Short web captions:
=== Section Start ===

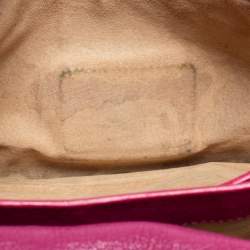 Miu Miu Dark Pink Madras Leather Pushlock Flap Top Handle Bag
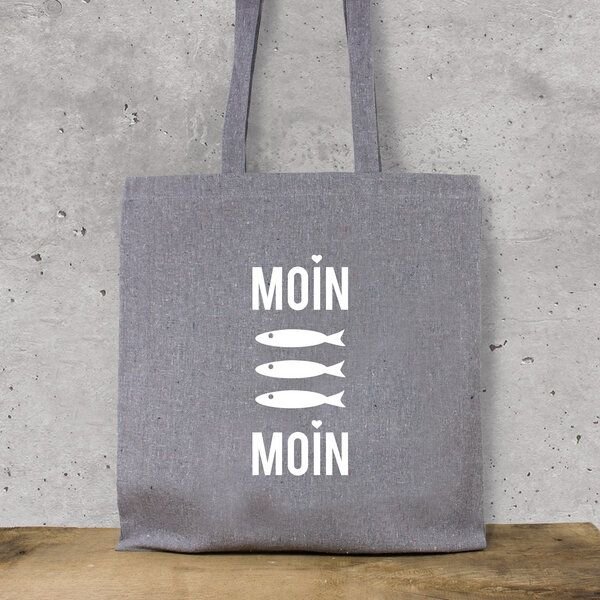 Bow & Hummingbird Baumwollbeutel "Moin Moin Fische" aus recycelter Baumwolle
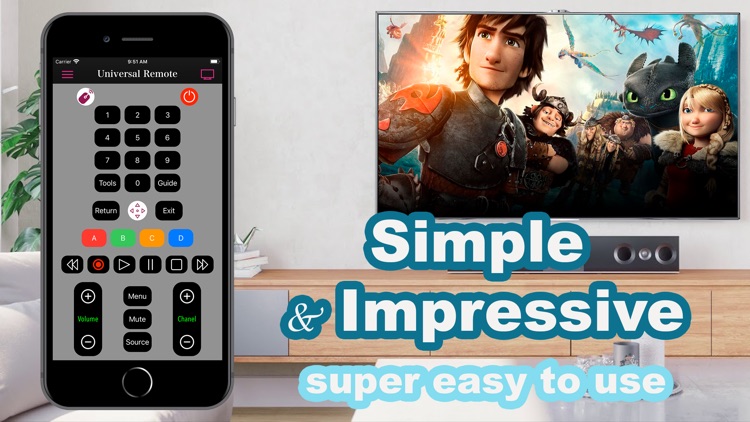 Universal remote control TV
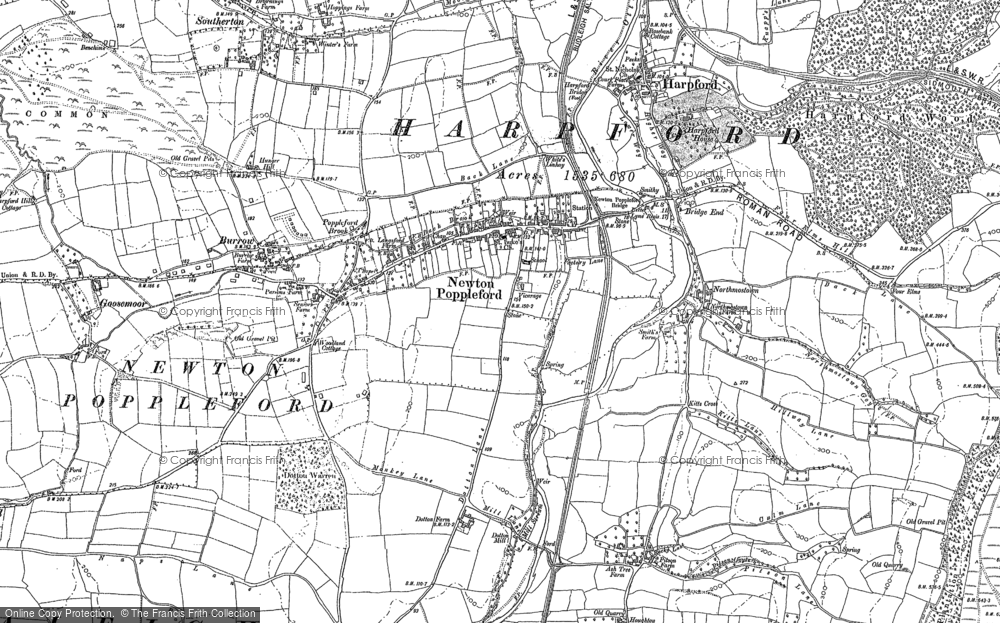 Old Map of Newton Poppleford, 1888 - 1903 in 1888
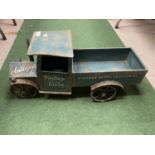 A TIN PLATE VINTAGE STYLE TRUCK - L:67CM H:32CM (TO TOP OF CAB)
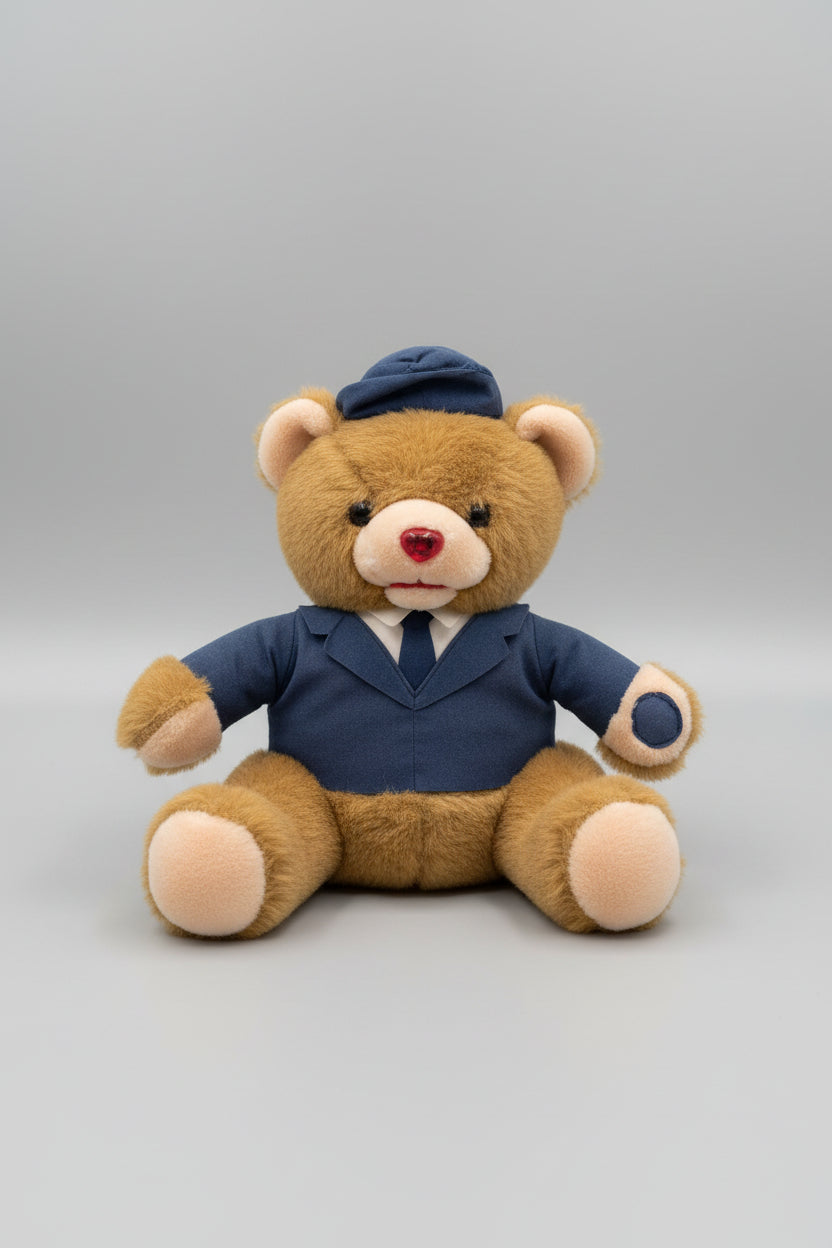 Teddy bear dressed in a blue uniform with a cap on a dark surface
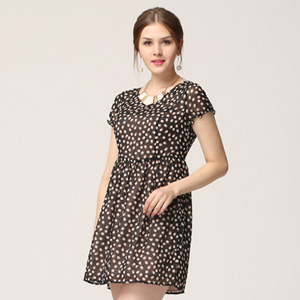 Phidias菲迪雅丝 春季新款女装黑色波点圆领短袖收腰修身连衣裙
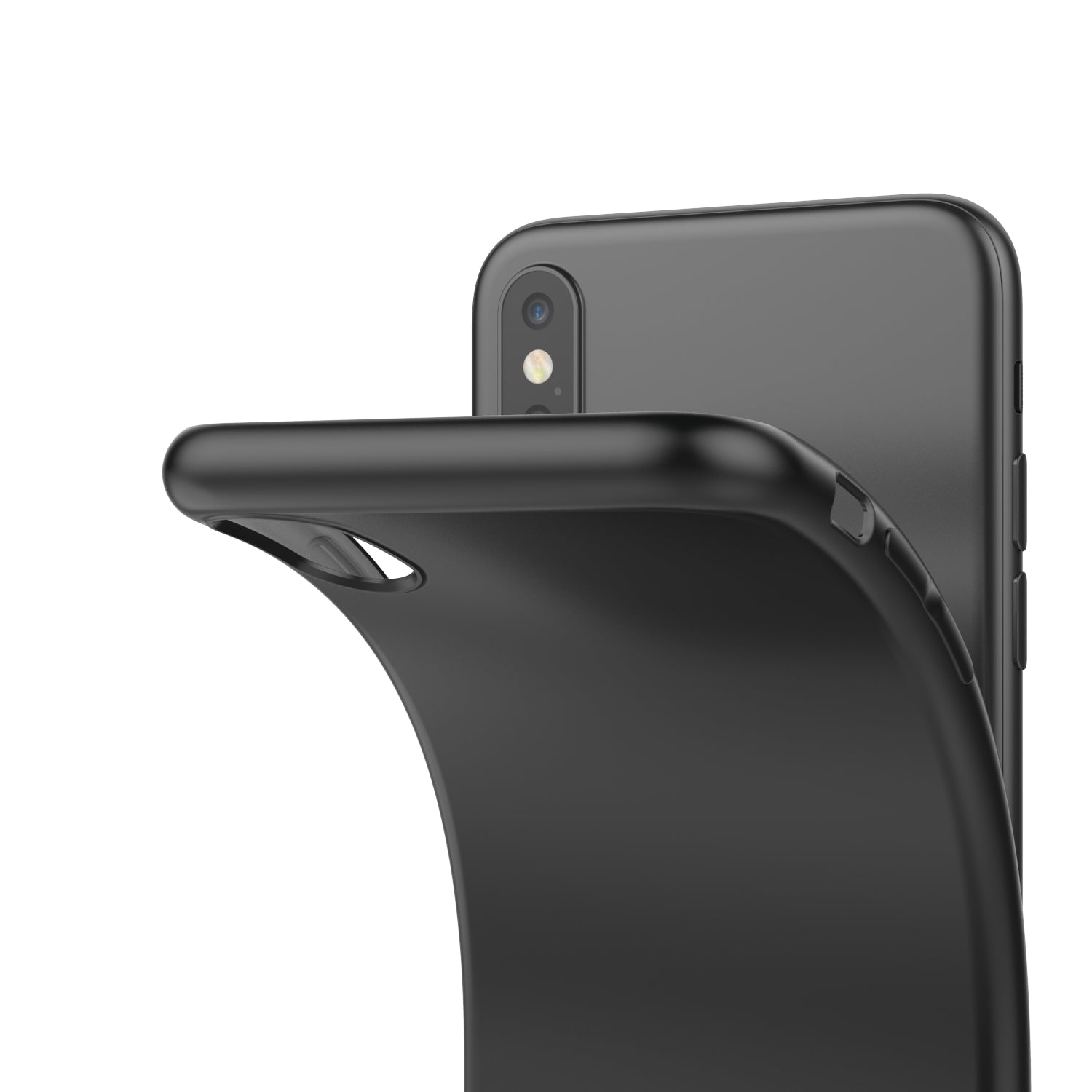 Luvvitt Ultra Slim Case for iPhone XS / X Flexible Soft Feel Cover - Matte Black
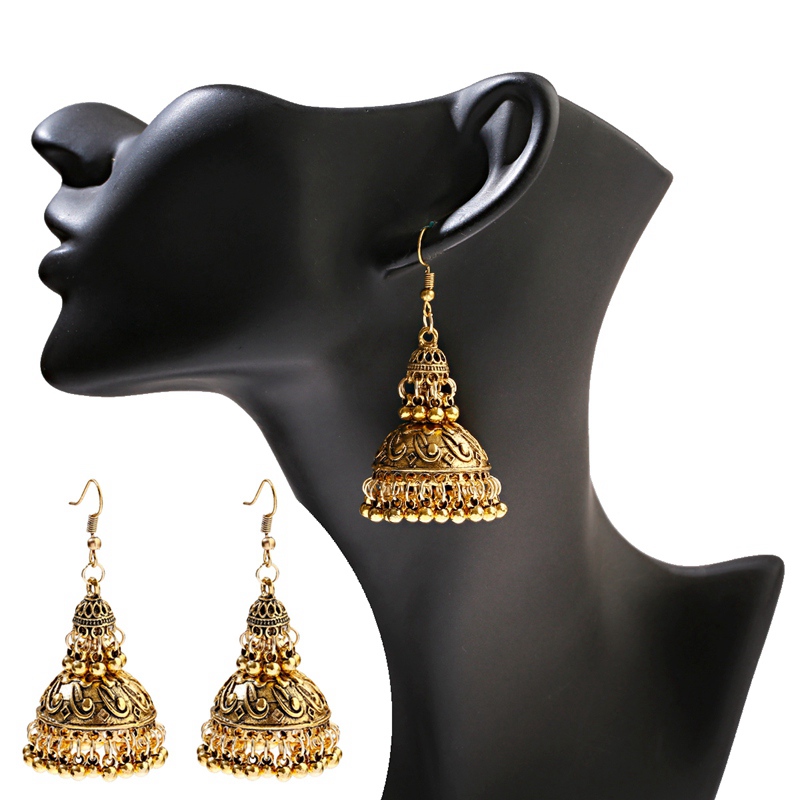 Indian Tibetan Jewelry Women's Gold Color Big Bell Jhumka Earrings Ethnic Gypsy Tassel Alloy Drop Earring Oxidized Jewelry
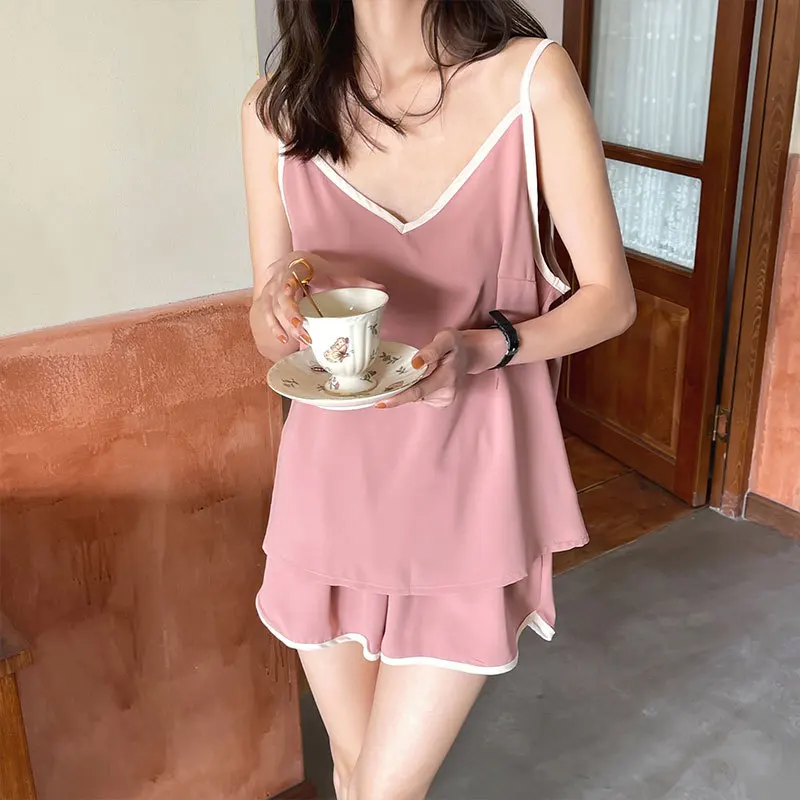 Spring/Summer 2021 Ladies Loose V-Neck Satin Strap Set -5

=== Section End ===

Goal of the exercise: Print the lines from the beginning of the records up to and including the line containing "Old Map of Newton", word for word, with no pictures.

Output for this task:
 Miu Miu Dark Pink Madras Leather Pushlock Flap Top Handle Bag
 Bow & Hummingbird Baumwollbeutel "Moin Moin Fische" aus recycelter Baumwolle
 Universal remote control TV
 Old Map of Newton Poppleford, 1888 - 1903 in 1888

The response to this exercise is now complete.